Ja oddaje swój łańcuch do sklepu....całe 6 zł ostrzenie i święty spokój...

----------


## MarcinPiekarz

Ja ostrze łąńcuchy zwykłą szlifierką kątową. Nie przykładam szlifierki do łańcucha, tylko łańcuch do szlifierki. A robię tak : Ze szlifierki wykręcam rączkę pomocniczą. (u mnie jest to gwint ósemka) W miejsce rączki wkręcam śrubę ósemkę z nakręconą nakrętką. Gdy już śruba wejdzie dostatecznie daleko w otwór, dokręcam nakrętkę celem unieruchomienia (zakontrowania) Teraz trzeba ustawić nakrętkę względem łba śruby. Szlifierkę umocowywuję w imadle łapiąc szczękami i łeb śruby i nakrętkę. Szlifierka nie jest umocowana z góry tylko z boku imadła. Odpalamy szlifierkę która chodzi sobie w zamocowaniu. Teraz wystarczy przyłożyć każdy ząbek do tarczy i go szlifnąć z wyczuciem. Ja dodatkowo pomagam sobie tym, że trzymając łancuch obiema rękami, zewnętrzną stroną lewej dłoni dotykam do głowicy szlifierki lub plastikowej obudowy (chodzi o to żeby zminimalizowac ruchy ręką gdy ząb dotyka tarczy. Aha i oczywiście szlifierkę trzeba przekładać "do góry nogami" , gdy się ostrzy drugą stronę łancucha. wiecie chyba o co kaman.. chodzi o to zeby tarcza ostrzyła ząb na zewnżtrz, a nie na nie do wewnątrz. Jeszcze jedna sprawa. Używam takich zwykłych tarcz do szlifierki kątowej które służa do cięcia. Tarcze te lubieją się ""zapychać"" Ich końcówki robią się błyszczące-śliskie co zmniejsza efekt szlifowania-ostrzenia. Ostzrenie wymaga wtedy wiekszego doscisniecia, przez to ząb nabiera wyższej temperatury. Wtedy dobrze jest zedrzeć ten błysk z tarczy przykładając na chwilę do obracającej się tarczy, zwykła osełkę lub cos podobnego, albo po prostu zmienić tarczę.  Nie wiem czy udało mi się Wam to dobrze wytłumaczyć. Jak znajdę czas to córcia nakręci filmik telefonem jak ostrze swoje łancuchy, i jak szlifierkę umocowywuje w imadle.
Oczywiście ostrzenie taką metodą wymaga wprawy. Ja nauczyłem się robić to perfekcyjnie już przy czwartym szlifowaniu. Koleżka mówił że naostrzyłem mu lepiej, niż za 8zł dziad w /husqvarnie/  na maszynie do tego przeznaczonej,
mam kątówkę ferm chyba 900W (nie pamiętam, jest stara, a naklejka sie starła) Tarcza 125

----------


## przemo1

> Z moich doświadczeń – opłaca się ostrzyć piły w serwisie. Jakiś czas ostrzyłem sam, ale efekt nie był aż tak dobry. W serwisach naostrzą profesjonalnie i taka piła faktycznie dłużej żyje że tak powiem   … No i czas się oszczędza, to przede wszystkim. Jest taki fajny serwis www.rotor.pl, ja tam oddawałem swoje narzędzia (nie tylko piły, ale też noże – ogrodnictwo to moja wielka pasja) i zawsze byłem zadowolony. Bardzo tanio, szybko i efekt świetny.

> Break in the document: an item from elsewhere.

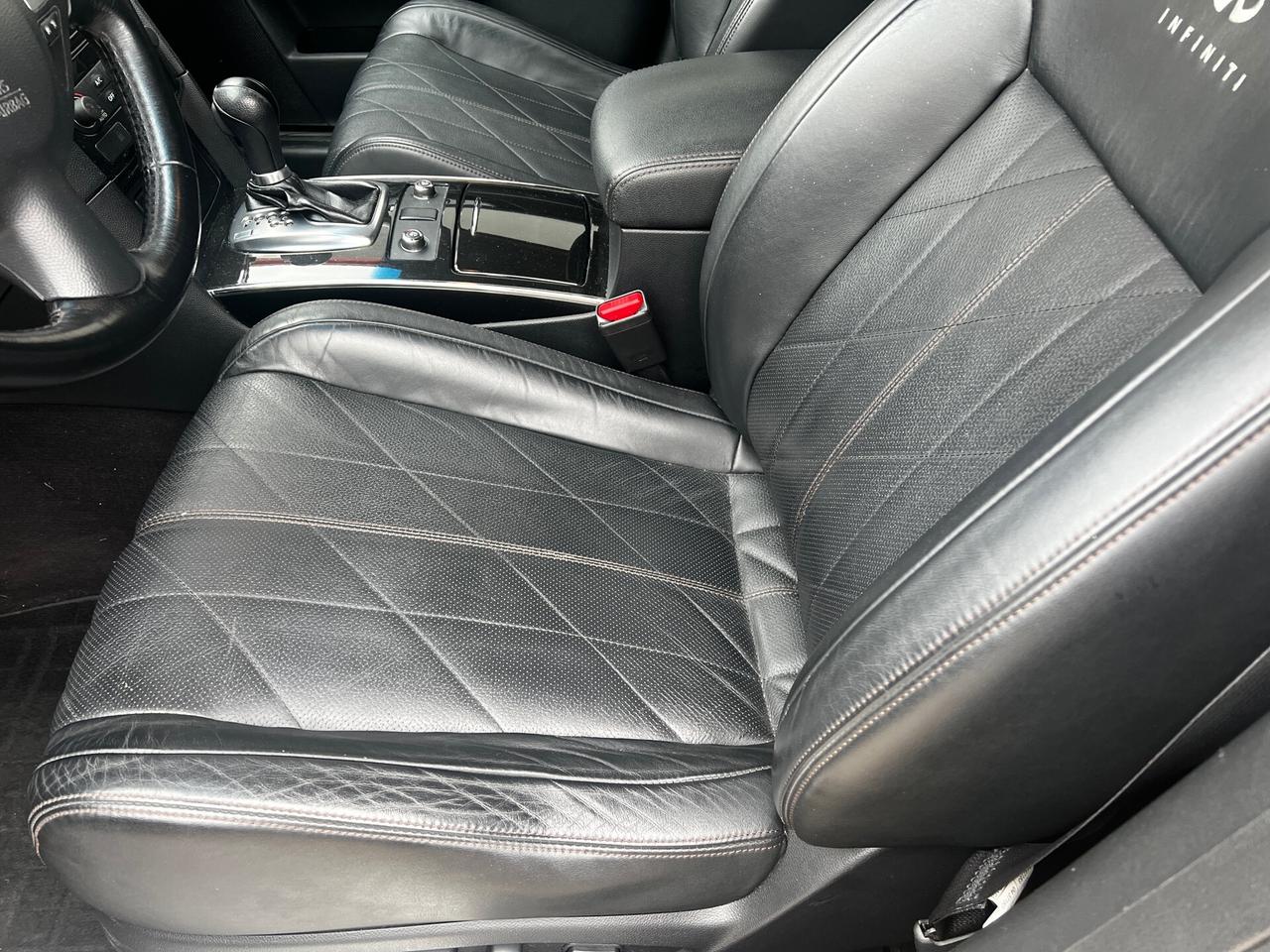 Infiniti FX FX30d S Premium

Z pewnością opłaca się mu się jechać ostrzyć łańcuch z Piławy do Gdańska. Skończ z tą reklamą - 2 posty i 2 reklamy. No i zachęcam do dokładnego czytania - odpowiadasz reklamą na post z przed 2 lat.

----------


## מרכבה

Pilnik i przyrząd do sprawdzania ograniczników zgłębienia, chyba ściąganie łańcucha z pilarki, plus wiezienie gdzieś, to strata czasu i pieniędzy.
Technika jest prosta, jak trzymanie noża obiadowego, lewą ręką pomagamy sobie trzymając za ząb. 
Ważny jest dobór pilnika do "rozmiaru" łańcucha tnącego. Trzymanie oburącz pilnika nie polecam i wykonywania długaśnych ruchów pilnikiem.
To mają być szturchnięcia po 4-6 cm, dwie krawędzie muszą być ostre, górna i boczna, oraz kształt boku zęba jak nie pełny pół księżyc.
I stand do wyraźnego szpica, jeśli chodzi o pełne dłuto.

----------